** ASSIGNMENT **
Leave out all images and set down the records exactly as given.

[Web page caption snippets]
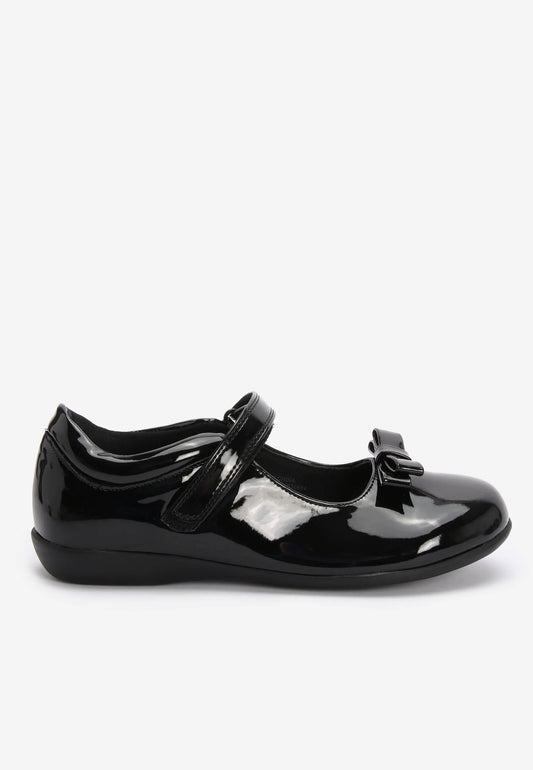 Girls Black Patent Mary Jane School Shoes with Bows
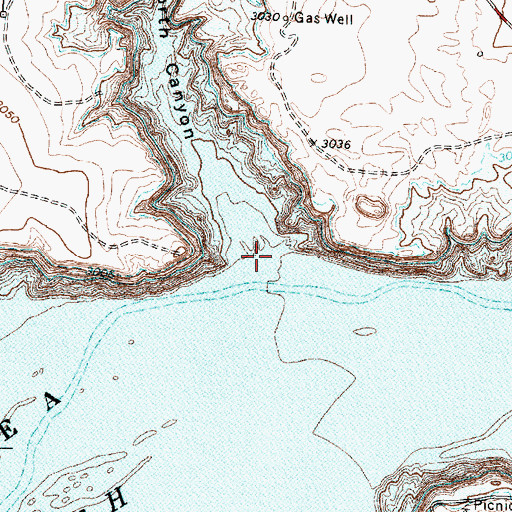 Topographic Map of North Canyon, TX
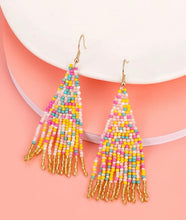 Yellow Pink Beaded Tassel Earrings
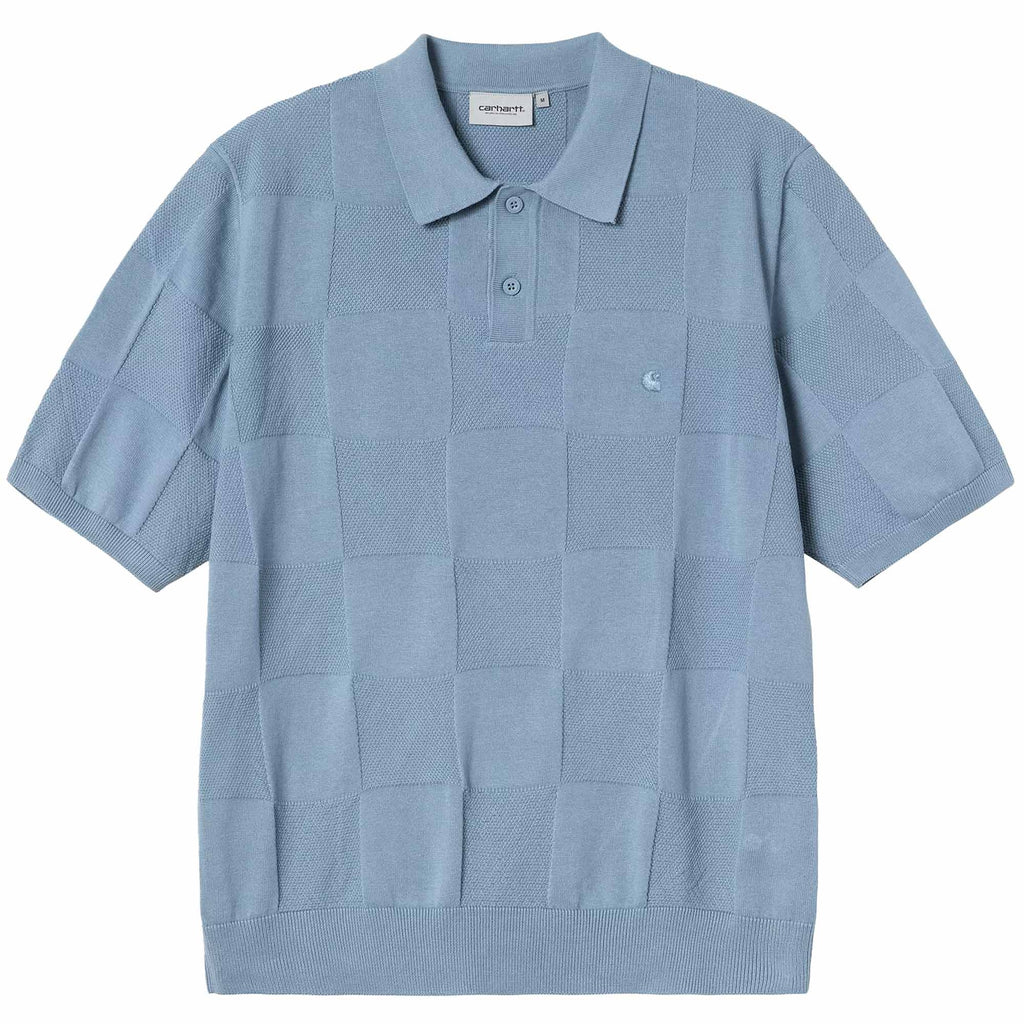 Carhartt WIP Knitted Checker Polo - Frosted Blue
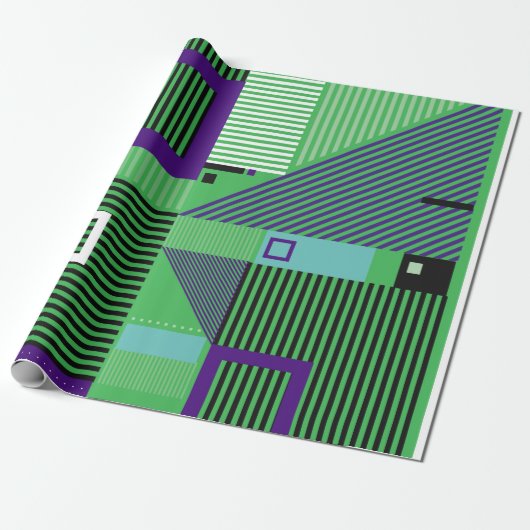 Retro Vintage Memphis Mode Muster. Illus Geschenkpapier (Ungerollt)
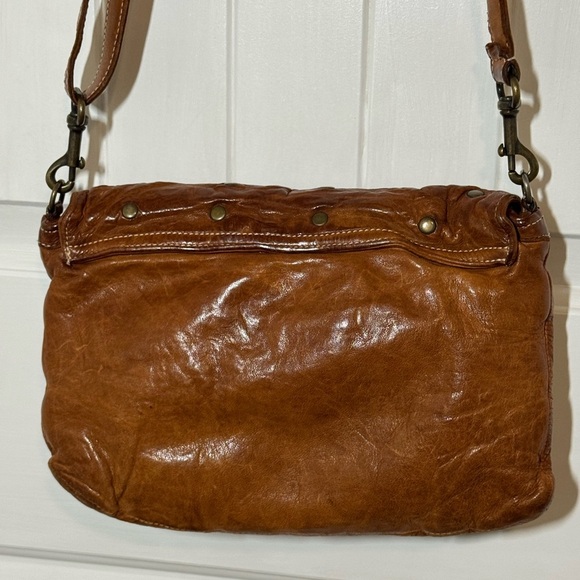 Garnet Hill - Studded Brown Leather Adjustable Shoulder Bag/Cross Body - Picture 6 of 11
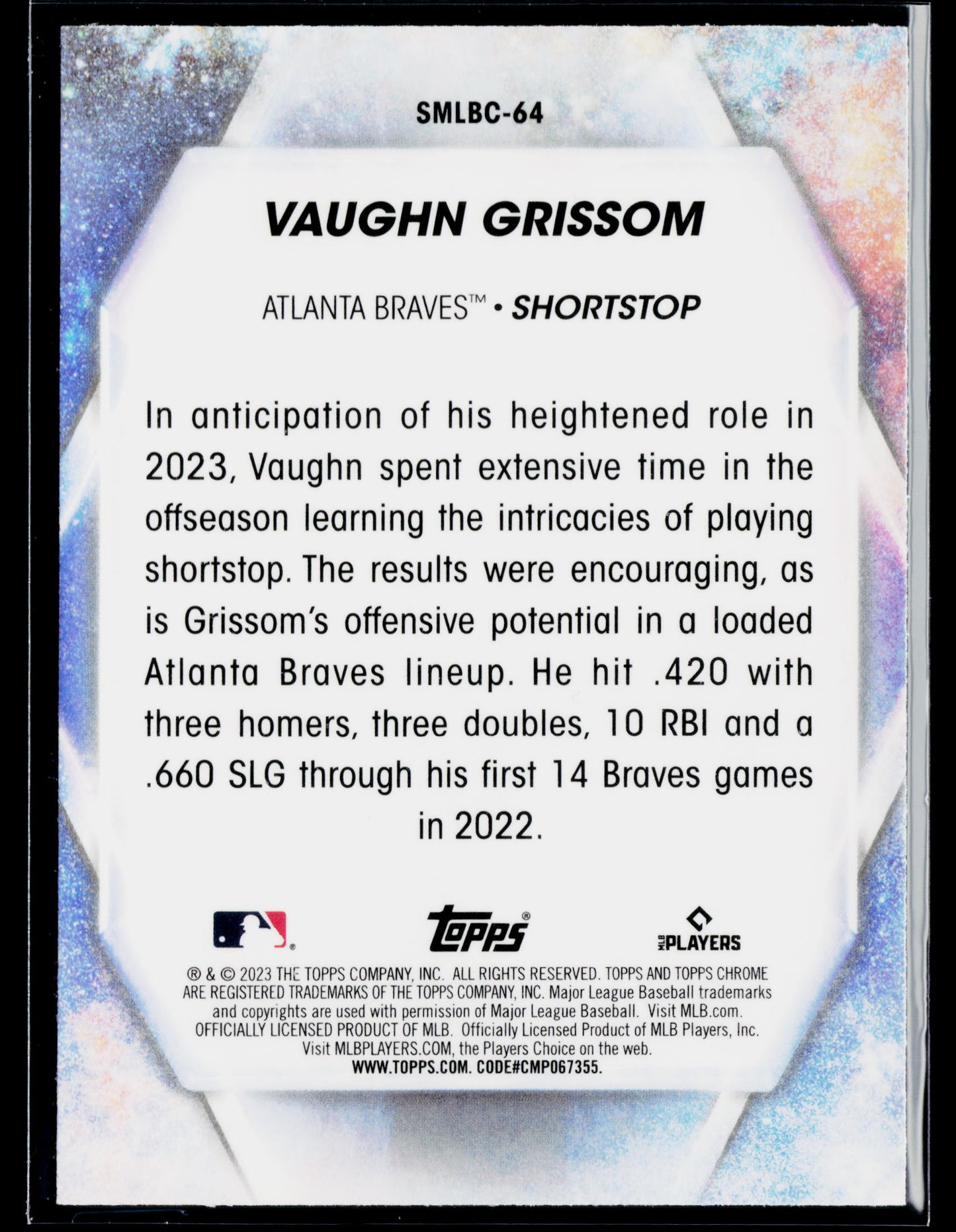 2023 Topps Update Vaughn Grissom Stars of MLB #SMLB-64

** EXPECTED OUTPUT **
 Girls Black Patent Mary Jane School Shoes with Bows
 Topographic Map of North Canyon, TX
 Yellow Pink Beaded Tassel Earrings
 Carhartt WIP Knitted Checker Polo - Frosted Blue
 Retro Vintage Memphis Mode Muster. Illus Geschenkpapier (Ungerollt)
 Garnet Hill - Studded Brown Leather Adjustable Shoulder Bag/Cross Body - Picture 6 of 11
 2023 Topps Update Vaughn Grissom Stars of MLB #SMLB-64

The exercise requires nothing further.